- Task directions
Retype the records below exactly as they stand, but with no images.

(Beginning of Data listing)

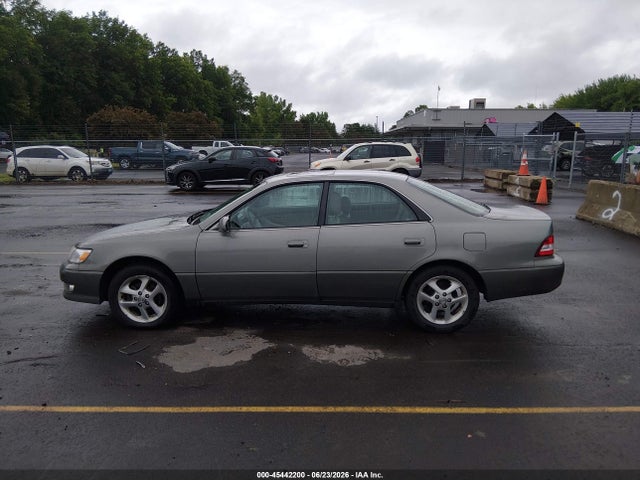 45442200 :رقم المزاد ، JT8BF28G4Y0263073 vin ، 2000 Lexus Es 300 مزاد بيع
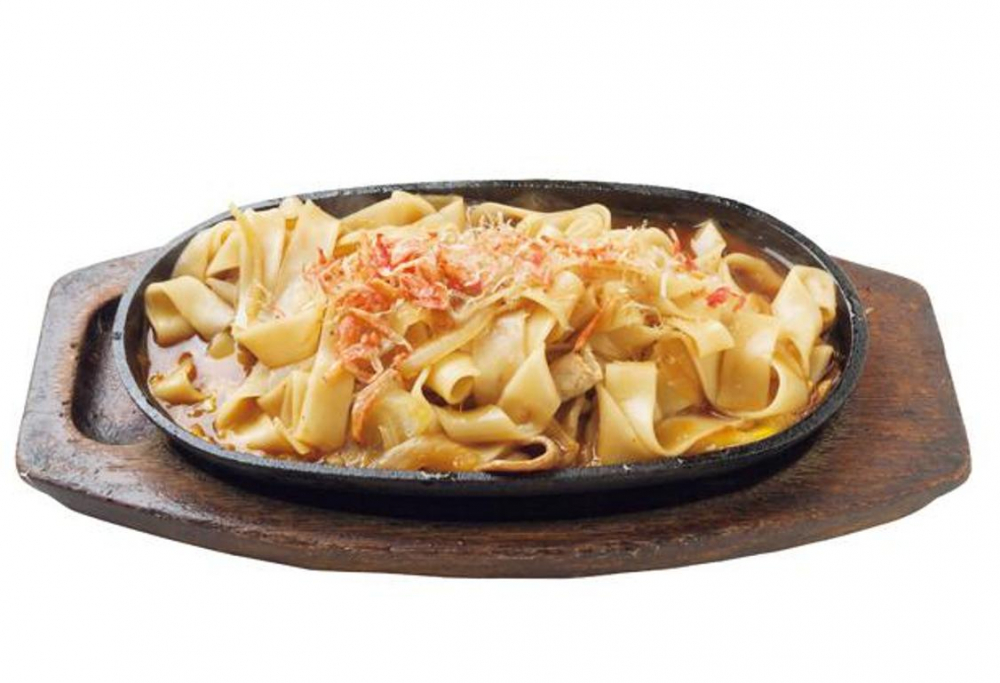 “Yaki Futo-kishimen” seharga 720 yen. Tekstur orisinal yang berbeda dari udon goreng dan pasta. 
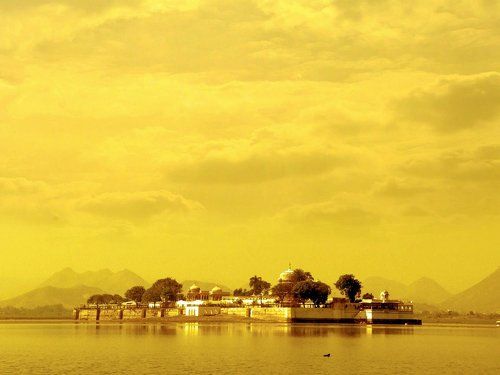 Золотой город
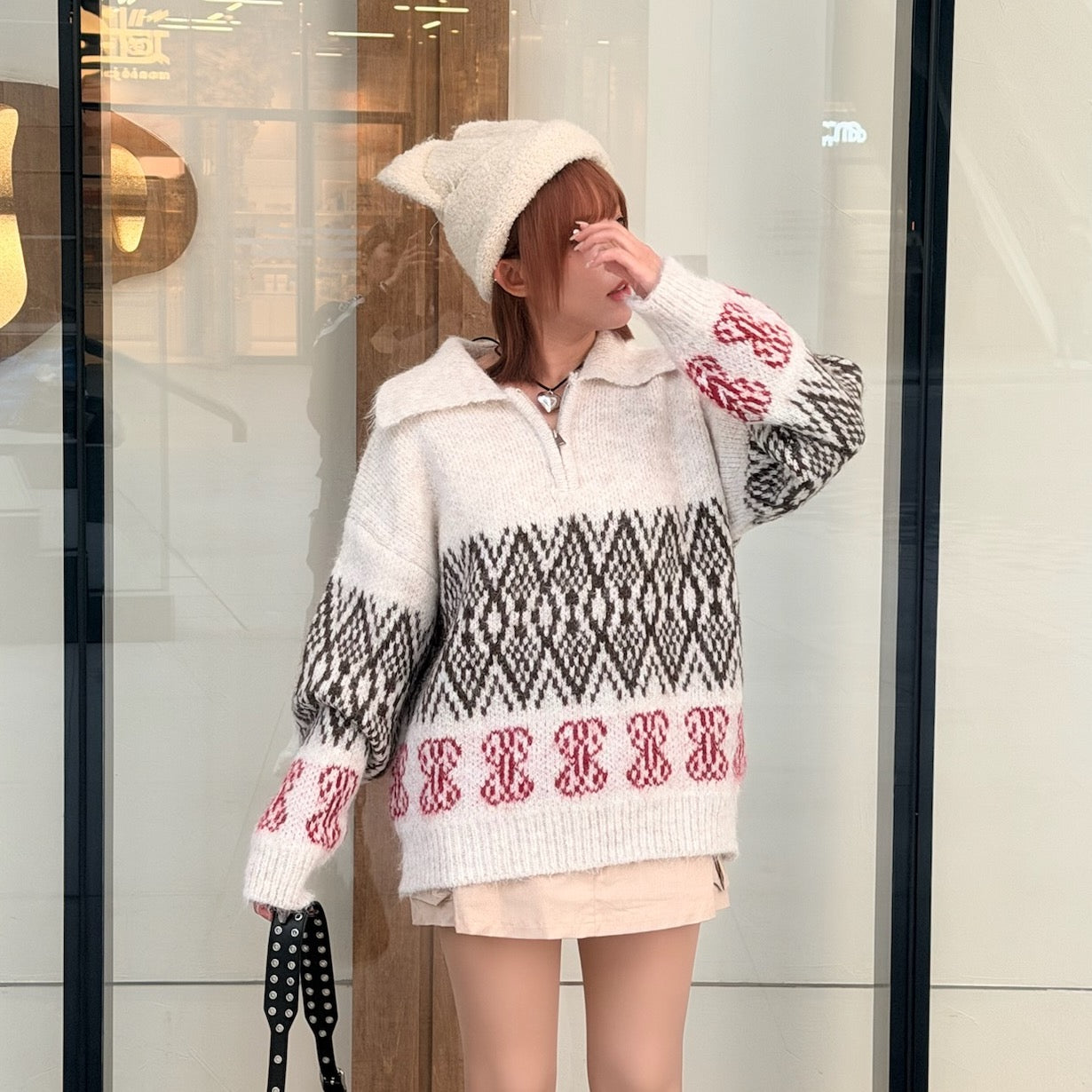 T1031 ON MY WAY SWEATER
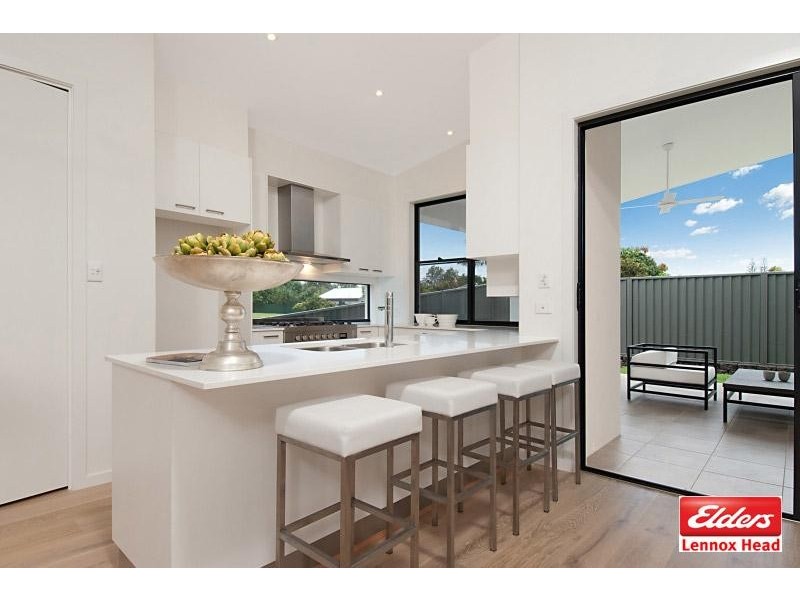 31 Kalemajere Drive, Suffolk Park NSW 2481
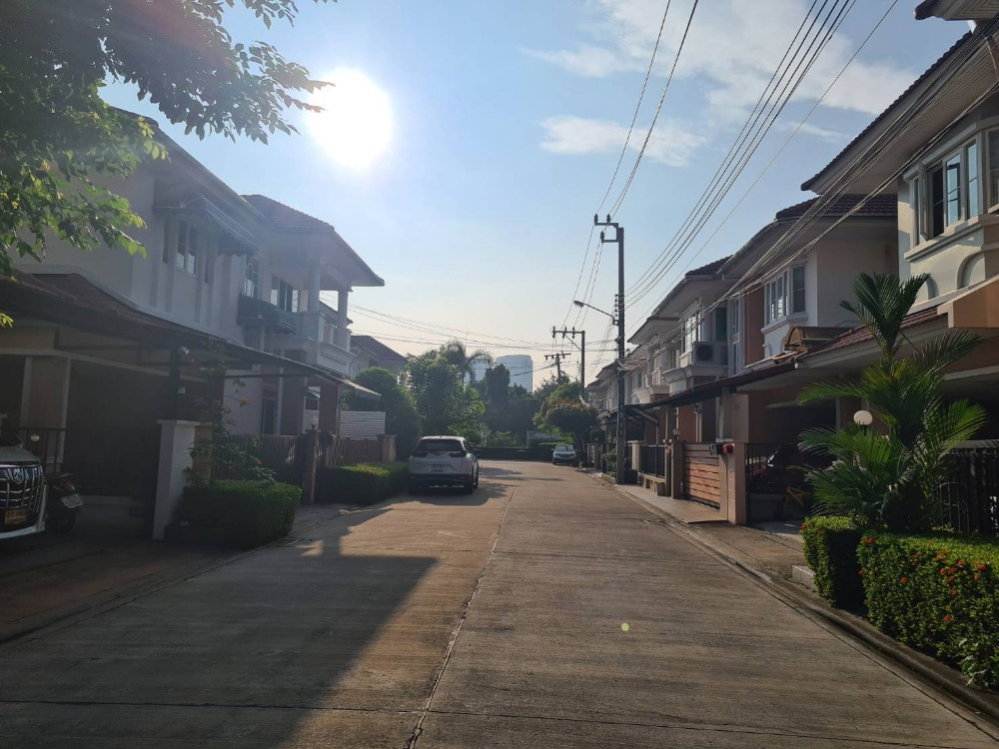 รูป 🏡 ให้เช่าบ้านเดี่ยว 2 ชั้น พัฒนาการ 44 | โครงการนาราวัลย์ ✨ บ้านแต่งสวย พร้อมอยู่ บิ้วอินทั้งหลัง ทำเลดี ใจกลางเมือง! - รูปที่ 19/20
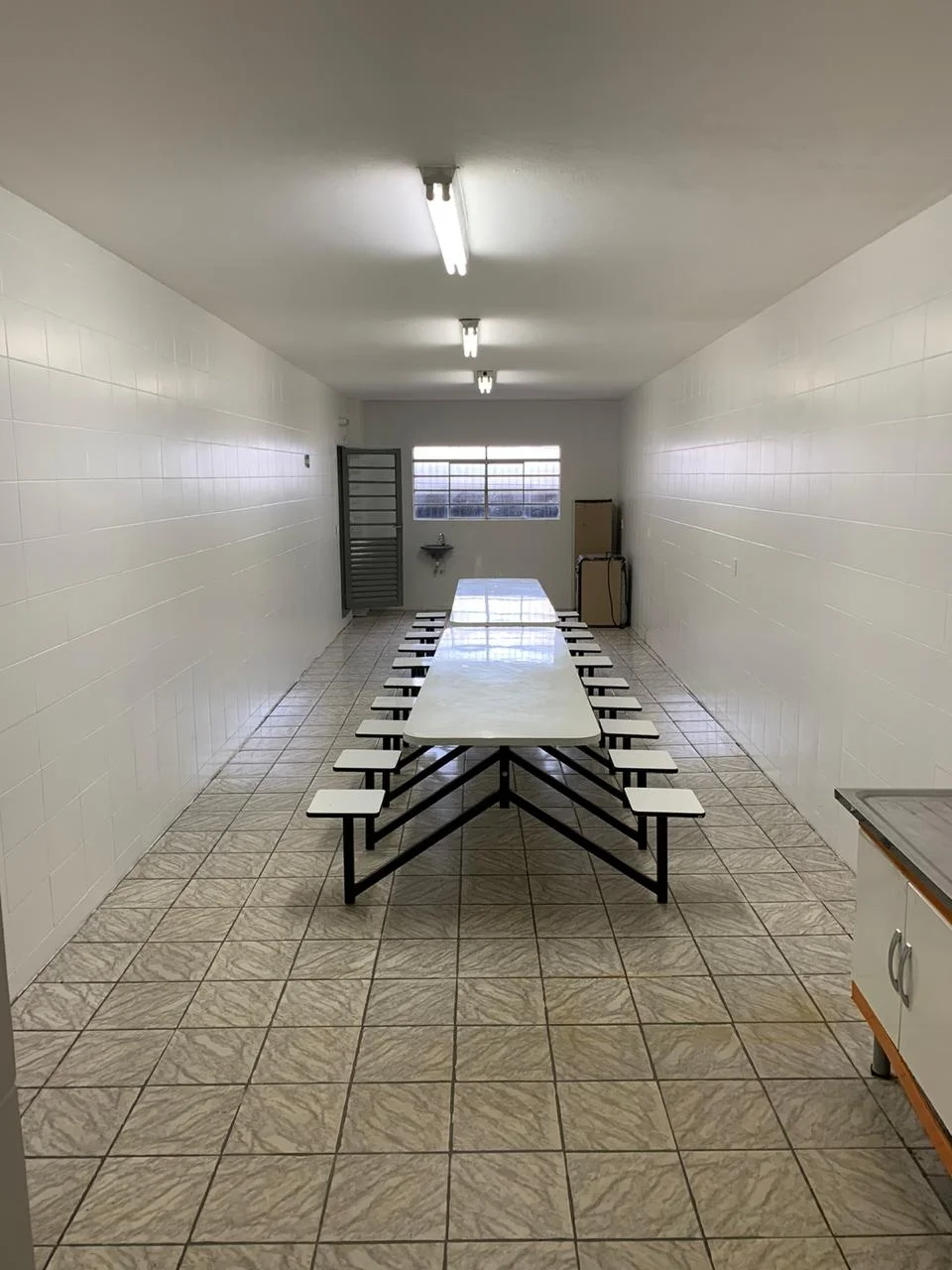 Galpão de 1.200m² de área construída em 1.800m² de terreno em Barueri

(End of Data listing)

- Written answer
 45442200 :رقم المزاد ، JT8BF28G4Y0263073 vin ، 2000 Lexus Es 300 مزاد بيع
 “Yaki Futo-kishimen” seharga 720 yen. Tekstur orisinal yang berbeda dari udon goreng dan pasta. 
 Золотой город
 T1031 ON MY WAY SWEATER
 31 Kalemajere Drive, Suffolk Park NSW 2481
 รูป 🏡 ให้เช่าบ้านเดี่ยว 2 ชั้น พัฒนาการ 44 | โครงการนาราวัลย์ ✨ บ้านแต่งสวย พร้อมอยู่ บิ้วอินทั้งหลัง ทำเลดี ใจกลางเมือง! - รูปที่ 19/20
 Galpão de 1.200m² de área construída em 1.800m² de terreno em Barueri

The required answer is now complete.